Assignment
Look through the material that follows and show every line with the string "Used".
Data START
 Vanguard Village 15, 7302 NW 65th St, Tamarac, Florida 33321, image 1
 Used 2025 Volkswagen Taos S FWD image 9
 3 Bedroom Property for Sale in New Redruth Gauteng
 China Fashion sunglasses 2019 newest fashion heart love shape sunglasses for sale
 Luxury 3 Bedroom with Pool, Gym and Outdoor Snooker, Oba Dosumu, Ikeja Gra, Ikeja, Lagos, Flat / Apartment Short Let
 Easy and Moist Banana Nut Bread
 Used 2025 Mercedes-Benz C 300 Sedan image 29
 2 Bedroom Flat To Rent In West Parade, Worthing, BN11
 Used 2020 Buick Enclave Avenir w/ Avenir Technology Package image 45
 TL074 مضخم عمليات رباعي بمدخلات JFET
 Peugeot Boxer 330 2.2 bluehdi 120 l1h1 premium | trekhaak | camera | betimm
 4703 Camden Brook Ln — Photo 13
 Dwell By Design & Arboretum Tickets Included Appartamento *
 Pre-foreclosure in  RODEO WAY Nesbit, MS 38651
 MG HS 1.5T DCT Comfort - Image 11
Data END
Response to the task
 Used 2025 Volkswagen Taos S FWD image 9
 Used 2025 Mercedes-Benz C 300 Sedan image 29
 Used 2020 Buick Enclave Avenir w/ Avenir Technology Package image 45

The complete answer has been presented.